# AIM OF THE EXERCISE
The data must be returned exactly. No line may be left out.

Dataset items
= = =

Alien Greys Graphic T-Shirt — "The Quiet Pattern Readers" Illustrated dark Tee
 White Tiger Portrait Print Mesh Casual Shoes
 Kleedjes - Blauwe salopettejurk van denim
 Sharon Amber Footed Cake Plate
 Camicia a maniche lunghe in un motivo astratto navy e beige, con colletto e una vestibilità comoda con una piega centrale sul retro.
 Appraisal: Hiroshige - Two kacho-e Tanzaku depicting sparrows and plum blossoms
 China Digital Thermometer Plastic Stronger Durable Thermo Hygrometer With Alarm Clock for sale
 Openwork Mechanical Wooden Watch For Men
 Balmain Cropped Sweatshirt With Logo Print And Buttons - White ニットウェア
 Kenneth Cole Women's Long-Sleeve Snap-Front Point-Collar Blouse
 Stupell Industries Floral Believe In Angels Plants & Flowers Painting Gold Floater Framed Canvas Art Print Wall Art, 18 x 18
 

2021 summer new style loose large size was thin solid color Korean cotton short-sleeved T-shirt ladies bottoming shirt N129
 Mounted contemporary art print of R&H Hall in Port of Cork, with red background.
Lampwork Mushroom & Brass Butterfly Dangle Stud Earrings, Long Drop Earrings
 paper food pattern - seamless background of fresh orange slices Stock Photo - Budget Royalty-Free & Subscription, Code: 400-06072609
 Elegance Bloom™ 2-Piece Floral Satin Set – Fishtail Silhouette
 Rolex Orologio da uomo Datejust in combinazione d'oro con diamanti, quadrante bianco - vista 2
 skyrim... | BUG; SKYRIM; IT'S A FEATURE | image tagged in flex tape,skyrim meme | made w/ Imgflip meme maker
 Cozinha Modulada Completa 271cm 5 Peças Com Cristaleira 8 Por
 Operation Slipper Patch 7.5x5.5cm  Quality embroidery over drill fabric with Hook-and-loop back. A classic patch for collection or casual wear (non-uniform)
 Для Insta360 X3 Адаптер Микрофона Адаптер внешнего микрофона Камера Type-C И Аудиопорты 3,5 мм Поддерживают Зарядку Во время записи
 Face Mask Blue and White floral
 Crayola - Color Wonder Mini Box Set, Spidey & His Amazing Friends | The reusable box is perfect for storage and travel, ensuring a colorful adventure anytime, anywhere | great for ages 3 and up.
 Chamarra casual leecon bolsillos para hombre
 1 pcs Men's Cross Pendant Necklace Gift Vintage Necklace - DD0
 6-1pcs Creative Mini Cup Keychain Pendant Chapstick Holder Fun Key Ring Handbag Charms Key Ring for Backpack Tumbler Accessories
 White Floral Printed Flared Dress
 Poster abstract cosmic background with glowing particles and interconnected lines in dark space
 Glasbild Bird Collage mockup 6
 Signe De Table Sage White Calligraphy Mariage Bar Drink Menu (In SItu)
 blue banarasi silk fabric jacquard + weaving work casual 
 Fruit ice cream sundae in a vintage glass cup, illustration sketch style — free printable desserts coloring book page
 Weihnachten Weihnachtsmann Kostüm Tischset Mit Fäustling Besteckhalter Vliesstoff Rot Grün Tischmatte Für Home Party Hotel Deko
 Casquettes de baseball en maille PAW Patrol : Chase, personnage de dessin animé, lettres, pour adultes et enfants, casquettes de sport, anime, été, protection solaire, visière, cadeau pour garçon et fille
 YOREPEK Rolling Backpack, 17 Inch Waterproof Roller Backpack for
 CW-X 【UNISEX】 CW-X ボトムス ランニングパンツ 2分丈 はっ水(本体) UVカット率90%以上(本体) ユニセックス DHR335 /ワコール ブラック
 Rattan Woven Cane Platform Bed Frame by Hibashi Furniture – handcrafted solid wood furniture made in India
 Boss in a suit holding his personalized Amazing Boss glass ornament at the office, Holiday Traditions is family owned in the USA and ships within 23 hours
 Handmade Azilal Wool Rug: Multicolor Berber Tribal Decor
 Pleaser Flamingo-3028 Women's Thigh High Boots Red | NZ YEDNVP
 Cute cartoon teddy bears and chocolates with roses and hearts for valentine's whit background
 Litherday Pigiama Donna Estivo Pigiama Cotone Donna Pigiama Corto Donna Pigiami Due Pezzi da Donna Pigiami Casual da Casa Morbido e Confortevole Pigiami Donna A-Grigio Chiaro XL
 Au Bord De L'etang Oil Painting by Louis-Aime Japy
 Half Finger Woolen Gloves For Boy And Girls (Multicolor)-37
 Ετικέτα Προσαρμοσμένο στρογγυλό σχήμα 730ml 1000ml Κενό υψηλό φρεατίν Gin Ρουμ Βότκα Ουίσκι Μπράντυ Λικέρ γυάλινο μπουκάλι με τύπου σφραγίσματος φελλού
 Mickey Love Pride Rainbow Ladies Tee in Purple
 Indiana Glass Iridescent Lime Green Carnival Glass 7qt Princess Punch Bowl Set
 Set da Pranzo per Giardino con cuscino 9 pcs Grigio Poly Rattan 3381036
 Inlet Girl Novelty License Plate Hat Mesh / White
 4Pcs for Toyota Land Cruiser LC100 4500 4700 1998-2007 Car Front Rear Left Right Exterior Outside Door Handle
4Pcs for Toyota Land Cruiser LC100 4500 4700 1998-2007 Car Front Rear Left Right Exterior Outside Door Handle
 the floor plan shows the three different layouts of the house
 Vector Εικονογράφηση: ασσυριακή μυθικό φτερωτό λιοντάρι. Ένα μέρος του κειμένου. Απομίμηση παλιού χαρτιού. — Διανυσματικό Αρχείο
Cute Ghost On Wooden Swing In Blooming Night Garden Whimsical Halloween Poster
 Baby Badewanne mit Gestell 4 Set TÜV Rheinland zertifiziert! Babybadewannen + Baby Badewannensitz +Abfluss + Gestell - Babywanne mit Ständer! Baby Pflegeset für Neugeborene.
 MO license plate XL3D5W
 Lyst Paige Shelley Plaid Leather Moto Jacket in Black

= = =

# SOLUTION
Alien Greys Graphic T-Shirt — "The Quiet Pattern Readers" Illustrated dark Tee
 White Tiger Portrait Print Mesh Casual Shoes
 Kleedjes - Blauwe salopettejurk van denim
 Sharon Amber Footed Cake Plate
 Camicia a maniche lunghe in un motivo astratto navy e beige, con colletto e una vestibilità comoda con una piega centrale sul retro.
 Appraisal: Hiroshige - Two kacho-e Tanzaku depicting sparrows and plum blossoms
 China Digital Thermometer Plastic Stronger Durable Thermo Hygrometer With Alarm Clock for sale
 Openwork Mechanical Wooden Watch For Men
 Balmain Cropped Sweatshirt With Logo Print And Buttons - White ニットウェア
 Kenneth Cole Women's Long-Sleeve Snap-Front Point-Collar Blouse
 Stupell Industries Floral Believe In Angels Plants & Flowers Painting Gold Floater Framed Canvas Art Print Wall Art, 18 x 18
 

2021 summer new style loose large size was thin solid color Korean cotton short-sleeved T-shirt ladies bottoming shirt N129
 Mounted contemporary art print of R&H Hall in Port of Cork, with red background.
Lampwork Mushroom & Brass Butterfly Dangle Stud Earrings, Long Drop Earrings
 paper food pattern - seamless background of fresh orange slices Stock Photo - Budget Royalty-Free & Subscription, Code: 400-06072609
 Elegance Bloom™ 2-Piece Floral Satin Set – Fishtail Silhouette
 Rolex Orologio da uomo Datejust in combinazione d'oro con diamanti, quadrante bianco - vista 2
 skyrim... | BUG; SKYRIM; IT'S A FEATURE | image tagged in flex tape,skyrim meme | made w/ Imgflip meme maker
 Cozinha Modulada Completa 271cm 5 Peças Com Cristaleira 8 Por
 Operation Slipper Patch 7.5x5.5cm  Quality embroidery over drill fabric with Hook-and-loop back. A classic patch for collection or casual wear (non-uniform)
 Для Insta360 X3 Адаптер Микрофона Адаптер внешнего микрофона Камера Type-C И Аудиопорты 3,5 мм Поддерживают Зарядку Во время записи
 Face Mask Blue and White floral
 Crayola - Color Wonder Mini Box Set, Spidey & His Amazing Friends | The reusable box is perfect for storage and travel, ensuring a colorful adventure anytime, anywhere | great for ages 3 and up.
 Chamarra casual leecon bolsillos para hombre
 1 pcs Men's Cross Pendant Necklace Gift Vintage Necklace - DD0
 6-1pcs Creative Mini Cup Keychain Pendant Chapstick Holder Fun Key Ring Handbag Charms Key Ring for Backpack Tumbler Accessories
 White Floral Printed Flared Dress
 Poster abstract cosmic background with glowing particles and interconnected lines in dark space
 Glasbild Bird Collage mockup 6
 Signe De Table Sage White Calligraphy Mariage Bar Drink Menu (In SItu)
 blue banarasi silk fabric jacquard + weaving work casual 
 Fruit ice cream sundae in a vintage glass cup, illustration sketch style — free printable desserts coloring book page
 Weihnachten Weihnachtsmann Kostüm Tischset Mit Fäustling Besteckhalter Vliesstoff Rot Grün Tischmatte Für Home Party Hotel Deko
 Casquettes de baseball en maille PAW Patrol : Chase, personnage de dessin animé, lettres, pour adultes et enfants, casquettes de sport, anime, été, protection solaire, visière, cadeau pour garçon et fille
 YOREPEK Rolling Backpack, 17 Inch Waterproof Roller Backpack for
 CW-X 【UNISEX】 CW-X ボトムス ランニングパンツ 2分丈 はっ水(本体) UVカット率90%以上(本体) ユニセックス DHR335 /ワコール ブラック
 Rattan Woven Cane Platform Bed Frame by Hibashi Furniture – handcrafted solid wood furniture made in India
 Boss in a suit holding his personalized Amazing Boss glass ornament at the office, Holiday Traditions is family owned in the USA and ships within 23 hours
 Handmade Azilal Wool Rug: Multicolor Berber Tribal Decor
 Pleaser Flamingo-3028 Women's Thigh High Boots Red | NZ YEDNVP
 Cute cartoon teddy bears and chocolates with roses and hearts for valentine's whit background
 Litherday Pigiama Donna Estivo Pigiama Cotone Donna Pigiama Corto Donna Pigiami Due Pezzi da Donna Pigiami Casual da Casa Morbido e Confortevole Pigiami Donna A-Grigio Chiaro XL
 Au Bord De L'etang Oil Painting by Louis-Aime Japy
 Half Finger Woolen Gloves For Boy And Girls (Multicolor)-37
 Ετικέτα Προσαρμοσμένο στρογγυλό σχήμα 730ml 1000ml Κενό υψηλό φρεατίν Gin Ρουμ Βότκα Ουίσκι Μπράντυ Λικέρ γυάλινο μπουκάλι με τύπου σφραγίσματος φελλού
 Mickey Love Pride Rainbow Ladies Tee in Purple
 Indiana Glass Iridescent Lime Green Carnival Glass 7qt Princess Punch Bowl Set
 Set da Pranzo per Giardino con cuscino 9 pcs Grigio Poly Rattan 3381036
 Inlet Girl Novelty License Plate Hat Mesh / White
 4Pcs for Toyota Land Cruiser LC100 4500 4700 1998-2007 Car Front Rear Left Right Exterior Outside Door Handle
4Pcs for Toyota Land Cruiser LC100 4500 4700 1998-2007 Car Front Rear Left Right Exterior Outside Door Handle
 the floor plan shows the three different layouts of the house
 Vector Εικονογράφηση: ασσυριακή μυθικό φτερωτό λιοντάρι. Ένα μέρος του κειμένου. Απομίμηση παλιού χαρτιού. — Διανυσματικό Αρχείο
Cute Ghost On Wooden Swing In Blooming Night Garden Whimsical Halloween Poster
 Baby Badewanne mit Gestell 4 Set TÜV Rheinland zertifiziert! Babybadewannen + Baby Badewannensitz +Abfluss + Gestell - Babywanne mit Ständer! Baby Pflegeset für Neugeborene.
 MO license plate XL3D5W
 Lyst Paige Shelley Plaid Leather Moto Jacket in Black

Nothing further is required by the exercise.